For more than a year, the Israeli state has been engaged in a massive incursion into Gaza following the October 2023 Hamas attack against Israel.

In March 2024, Francesca Albanese, the United Nations Special Rapporteur on the situation of human rights in the Occupied Palestinian Territories, announced: “There are reasonable grounds to believe that the threshold indicating the commission of the crime of genocide…has been met.”

A core element of genocide includes food militarization and weaponization, a tactic that has been used by Canada to exterminate, dispossess and control Indigenous populations.

We have come together as a group of critical food systems scholars to examine the parallels between the weaponization of food in Gaza and Canada to bring about the systematic destruction of Indigenous Peoples. But we’ve also observed that food has been a powerful tool of resistance and resurgence.

Food as a weapon

Throughout modern history, food has been deployed as a weapon by colonial regimes to control and displace Indigenous populations. The current crisis in Gaza has brought this into sharp focus as the Israeli state has engaged in the systematic destruction of Palestinian food systems, with devastating consequences.

Israel’s blockade of Gaza, in place since 2007, has cut off access to essential agricultural areas and restricted fishing activities. Gaza farmers are often unable to access their land, while fishers are constantly barred from accessing the coast, harassed, intimidated and even killed by Israeli forces.

This blockade, combined with military operations that destroy farmland, trees and infrastructure, has resulted in more than 95 per cent of people in Gaza facing severe food insecurity and a famine declared by the United Nations experts in the summer of 2024.

Canada’s use of food weaponization

Throughout the 19th and 20th centuries, the Canadian government employed similar tactics to restrict Indigenous Peoples’ access to land, food and water. Colonial policies like the Indian Act, the Homesteading Act and the Pass System confined Indigenous Peoples to reserves, prohibited hunting and fishing and forced reliance on inadequate government food rations.

This led to malnutrition and starvation, particularly in response to Indigenous resistance to settler expansion.

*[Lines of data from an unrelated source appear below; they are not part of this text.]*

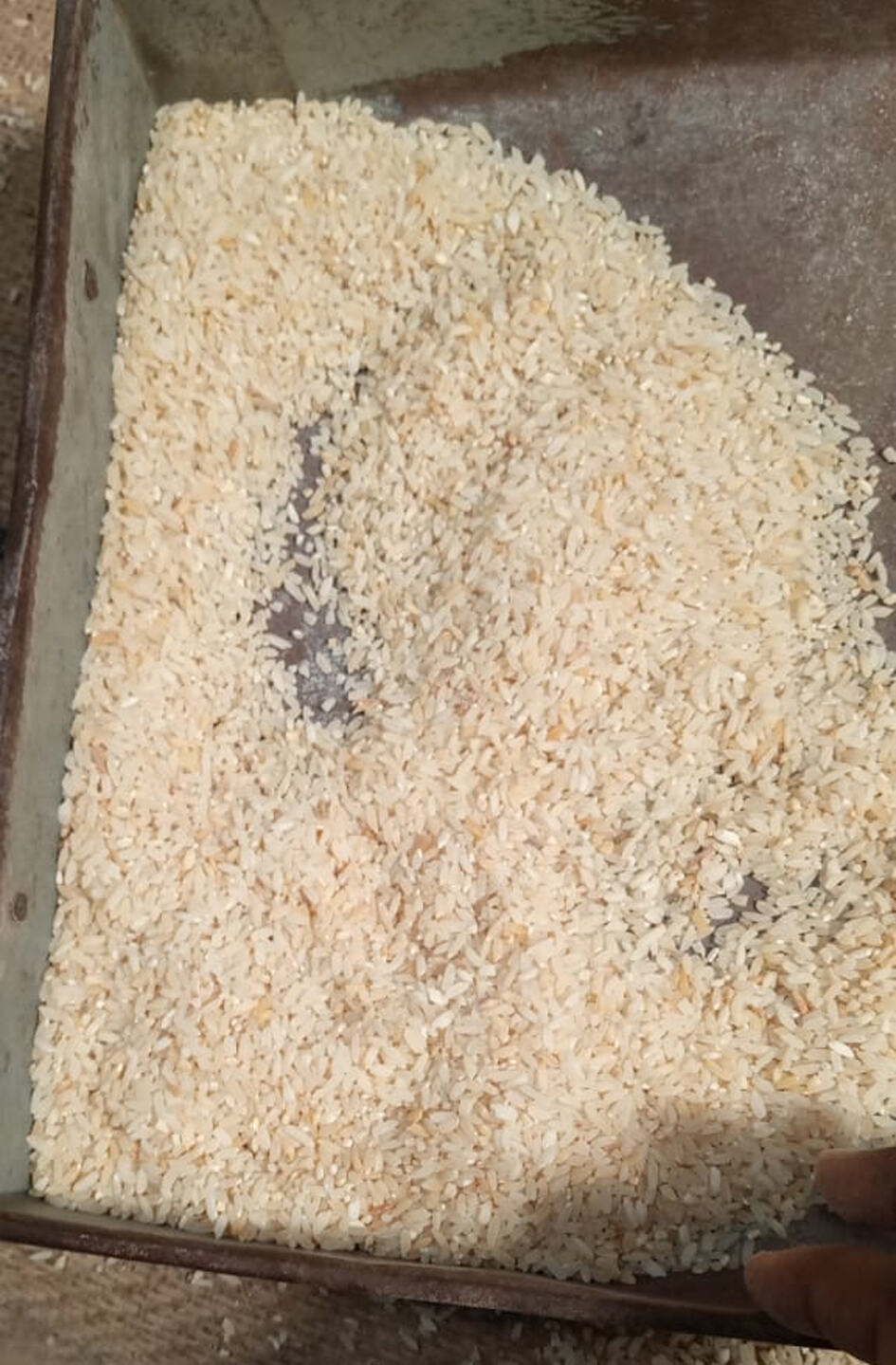 बेलगाम हुआ भ्रष्टाचार ! जानवर भी नहीं खाए उस चावल से अपनी भूख मिटाने को मजबूर है गरीब बेलगाम हुआ भ्रष्टाचार ! जानवर भी नहीं खाए उस चावल से अपनी भूख मिटाने को मजबूर है गरीब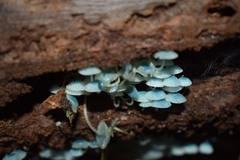 Mycena cyanocephala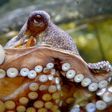 Researchers found the octopus' impressive suction power was thanks to small balls inside the suction cups that line each of their tentacles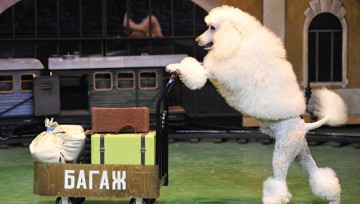 Московский театр зверей имени Дурова празднует 105-летие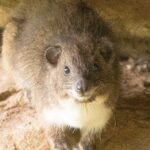 Southern Tree Hyrax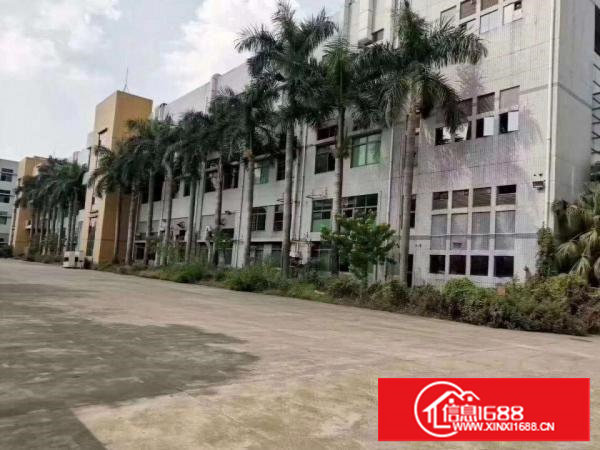 沙头南区一楼6米有行车1500平无公摊出租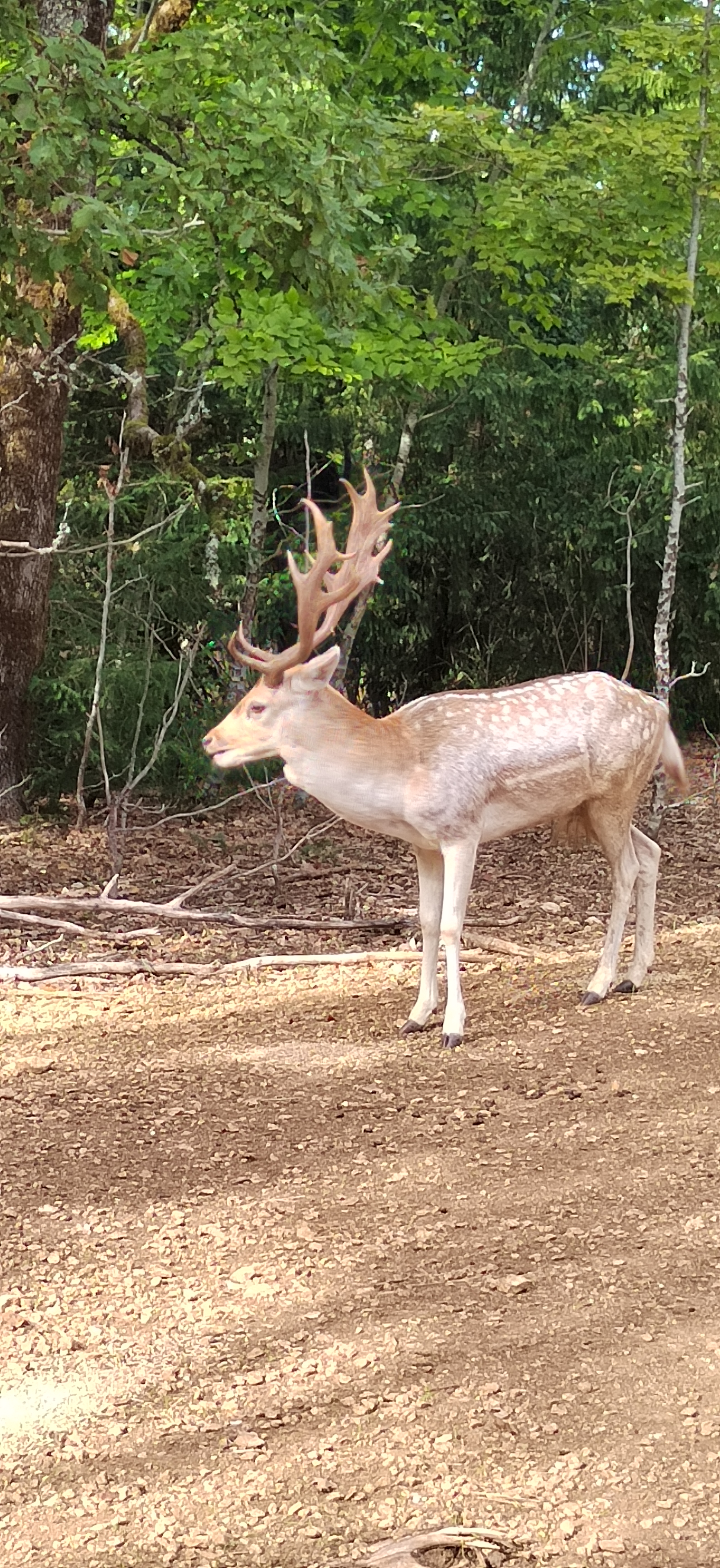 Photo n° 4 de l'avis de flo.g fait le 20/08/2022 à 16:30
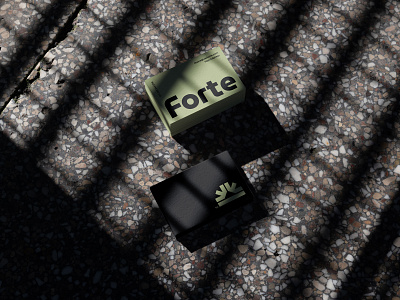 Forte™ branding design graphic design logo vector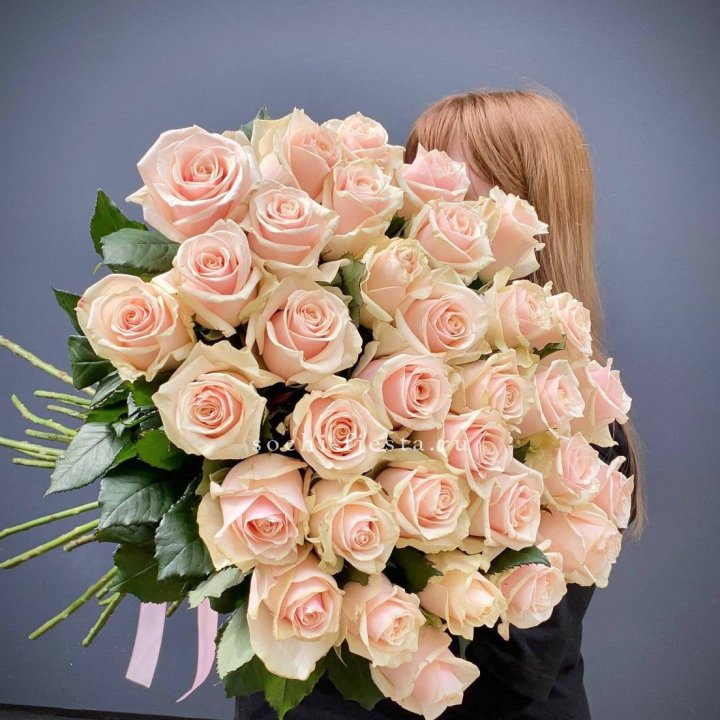 35 кремовых высоких роз в Улан-Удэ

The use of food as a weapon was part of a broader project to eliminate or otherwise undermine Indigenous identity and self-determination, a process that continues today.

From ongoing boil-water advisories to environmental degradation caused by mining, oil and gas extraction, forestry, agriculture and chemical production, settler governments and industries continue to dispossess Indigenous Peoples from their lands and undermine their livelihood.

These practices have severely and disproportionately impacted Indigenous health and well-being, as well as their food systems.

A painting depicting Mounties forcibly removing Indigenous people from their homes.
The Scream, by Kent Monkman (2016), was part of a travelling exhibition in 2017 on colonized Canada entitled ‘Shame And Prejudice: A Story Of Resilience.’ (Courtesy of Kent Monkman)

Israel targets food infrastructure

In the occupied Palestinian territories, Israeli control over land and resources reflects a similar colonial dynamic. Laws like the Absentee Property Law of 1950 facilitated the expropriation of Palestinian land.

Meanwhile, the Israeli military has systematically targeted Gaza’s food infrastructure and used starvation as a weapon of war, according to Human Rights Watch. Satellite imagery shows that 70 per cent of Gaza’s tree cover has been eliminated or damaged, and about one-third of greenhouses have been demolished.

Tanks and trucks have decimated orchards, field crops and olive groves.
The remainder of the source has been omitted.